PMC vs. Salk Sound Speakers. Which is better?


PMC speakers out of England have come on like a freight train in recent years including being awarded an Emmy for outstanding performance as speakers in mixing sound tracks for top motion pictures. Their high end home line of speakers always get good reviews but their prices seem very high compared to other speakers. Salk appears to make great speakers at much lower prices. For example, the Salk Veracity HT3 costs $6K and the PMC PB1i cost $14K. Has anyone compared these brands and which do you think is better?
audiozen
I checked out some photo's on the net of the crossover boards from Salk and PMC. The crossover board in the PMC PB1i is a stunning piece of work, very sophisticated with a generous amount of parts. Serious engineering. Looking at the crossover board in the Salk HT2-TL looks inferior to the PMC. Very skimpy with very little parts. Looks like a High School DIY project. Most speaker companies buy their drivers from Accuton, RAAL, ScanSpeak, Viva, Seas and SB Acoustics. The heart and engine in any damn good speaker is the crossover network.
Audiozen - seriously? This is a stunning piece of work?

http://www.avforums.com/forums/attachments/speakers/93494d1223327522-pmc-ob1i-crossover-ob1i-xo.jpg

Plenty of electrolytics, iron core inductors, and $.25 sand cast resistors. Those are not high end parts, and just because there's a lot of parts doesn't mean it's any more engineered ... in fact the inverse is often true. More parts are often an indicator that proper engineering wasn't done in the early parts of the design phase.

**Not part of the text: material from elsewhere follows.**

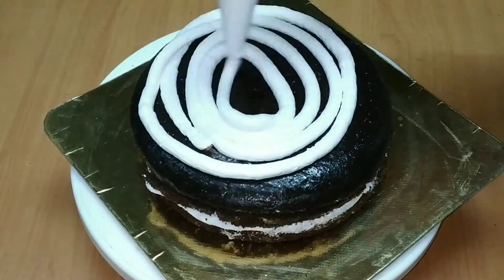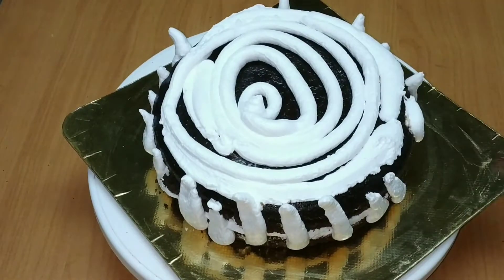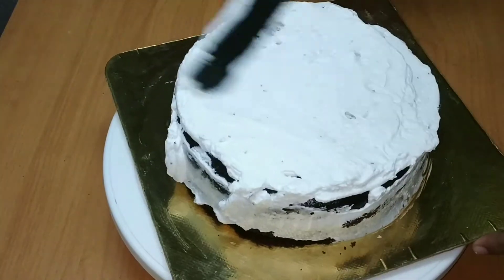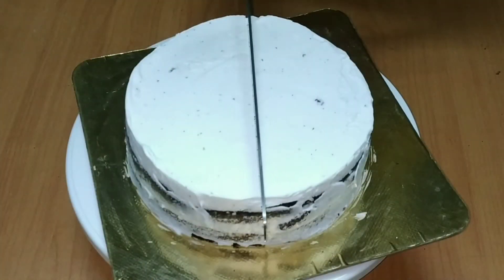Once the cream is finished, you can put it in. I have used cream so you can add some cream. Now put a little bit of a crumb coat. Mark it in the center.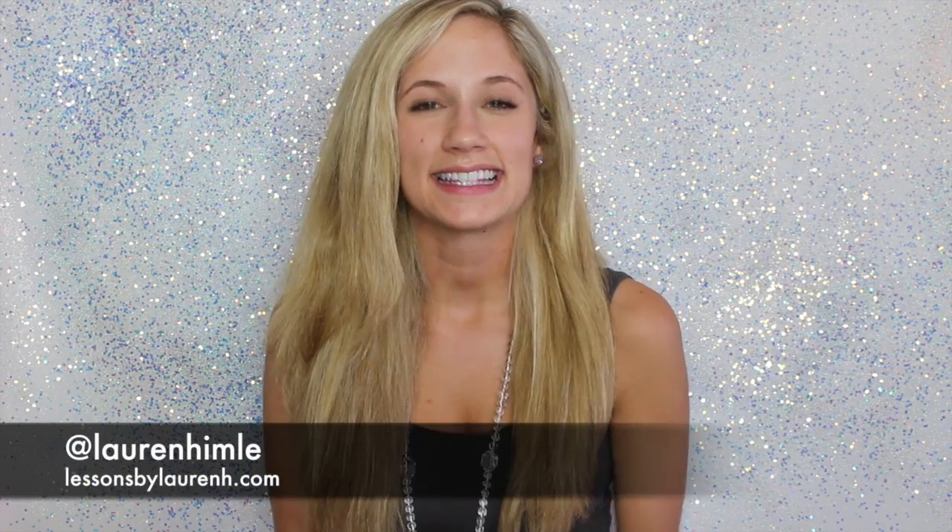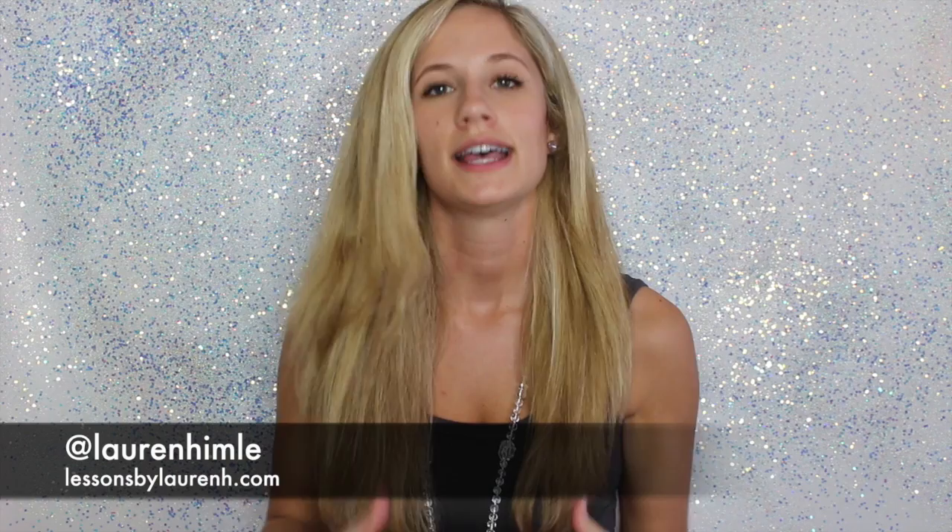Hey guys, it's me, Lauren, and I know you guys have been asking for a hair tutorial. You guys are always commenting on how I get my loose, big curls, and I'm excited to show you guys how I do it.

As a designer myself, there's no doubt in my mind the Salk is the better speaker ... and being less money is just icing on the cake.
Vapor1..your point is interesting...explain this..I have viewed many photo's over the years
on the net of crossover boards in many different speakers and one thing thats in common with the top speaker companies and models selling above $10K is that their boards are larger with a greater volume of parts and larger power supplies, and some have up to three large boards for the highs, mids and lows. Are you saying that these crossover designer/engineer's are designing larger boards that are not necessary and its nothing more than snake oil to convince the customer that spending a lot more money on high priced speakers is justified?
Haha, no I'm not saying anything is snake oil or that anything isn't necessary. What I'm saying is that smart designers use as few parts as necessary to do the job perfectly, and no more. I was also saying that the majority of the parts on that PMC board are very inexpensive (and often frowned upon) parts.

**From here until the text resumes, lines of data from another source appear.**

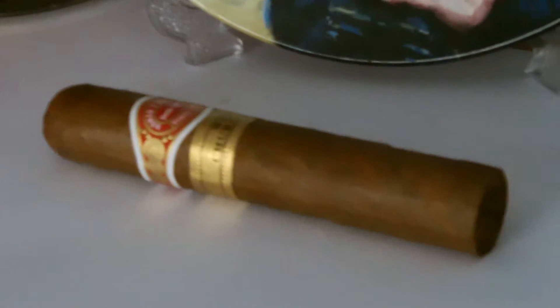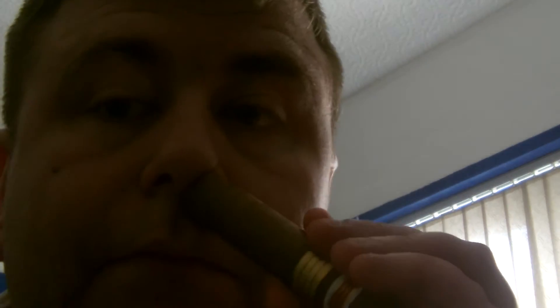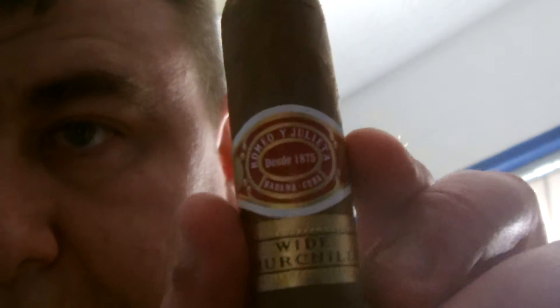This cigar is supposed to be a jawbreaker because of the size. The combustion is good, there's a bit of cherry, and the foot is good. I'm going to go downstairs and cut it up. This is known as the jawbreaker of the church of cigars — the Romeo Giulietta.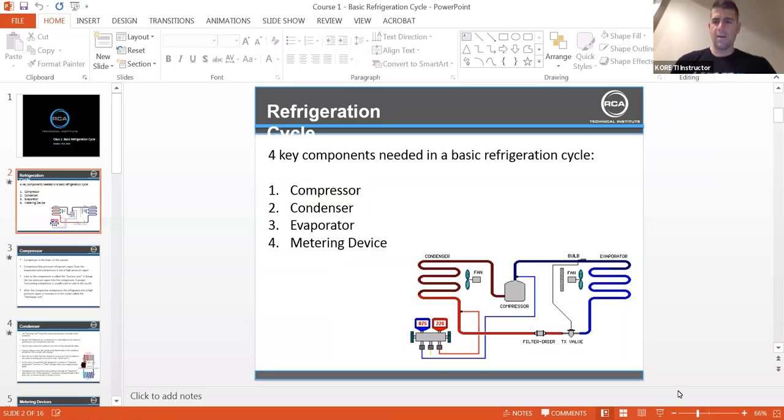Why don't we get started guys. Thanks everybody for joining. Sorry if it booted everybody off here, but we're back on. Mike, you're up man. Teach us course one, the basic refrigeration cycle.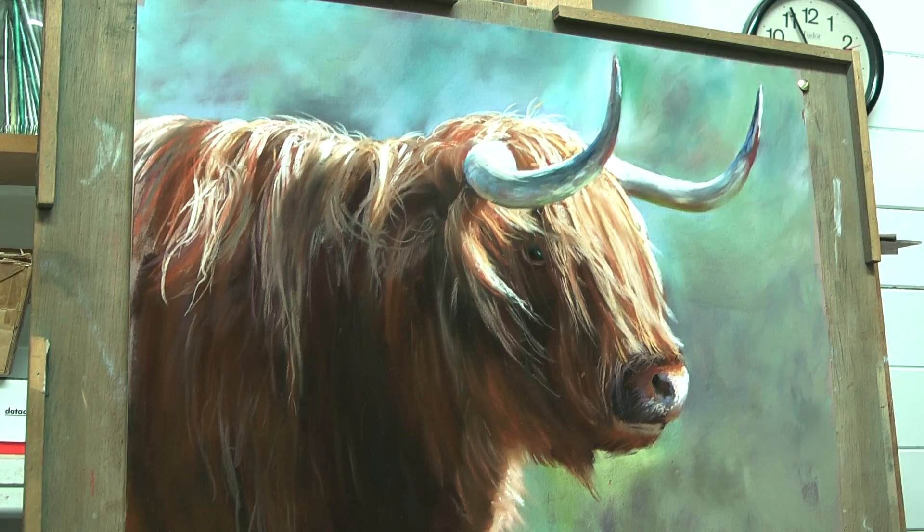It's a lost edge there. Now do I keep that lost edge or do I define it? Let's just try it.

Salk doesn't use high-end parts either (although better than what's on that PMC board), but with a Salk you know you're getting a flat frequency response and proper phase tracking ... all with a crossover that's only as complex as it needs to be. That may or may not be the case with PMC. I've seen some PMC's that measure relatively poorly, and how it measures is a testimony of how well the crossover is engineered.
Power Supplies? In a speaker?

Vapor is correct, the number of parts is meaningless, in fact many excellent speakers have only one or two parts in their crossovers; some have none. Lots of parts can mean the use of correction networks to "fix" defects in drivers. Also, the use of electrolytic caps is something I avoid religiously in the gear I build, even in amplifier power supplies if I can.

Printed circuit boards look neater, but in most cases that means you are connecting the parts with aluminum wires, not the copper or silver usually used in point-to-point wiring. Copper and silver are far better conductors than aluminum.